Your job is to set down the stretch of entries that opens with the line containing "Tarleton Texans 2005-2018" and closes with the line containing "GA license plate PWP3018". Keep both end lines, copy each exactly, and add nothing.
── DATA EXTRACTS
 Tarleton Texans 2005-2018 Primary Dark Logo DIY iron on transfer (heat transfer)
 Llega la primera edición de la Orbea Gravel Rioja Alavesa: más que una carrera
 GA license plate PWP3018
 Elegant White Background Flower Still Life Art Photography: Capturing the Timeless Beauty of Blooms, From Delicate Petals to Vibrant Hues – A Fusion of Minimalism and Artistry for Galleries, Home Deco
────
── DATA EXTRACTS
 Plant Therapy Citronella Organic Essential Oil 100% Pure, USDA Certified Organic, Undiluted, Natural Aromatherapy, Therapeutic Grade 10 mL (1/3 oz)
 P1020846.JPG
────
[RESPONSE TO THIS TASK]
 Tarleton Texans 2005-2018 Primary Dark Logo DIY iron on transfer (heat transfer)
 Llega la primera edición de la Orbea Gravel Rioja Alavesa: más que una carrera
 GA license plate PWP3018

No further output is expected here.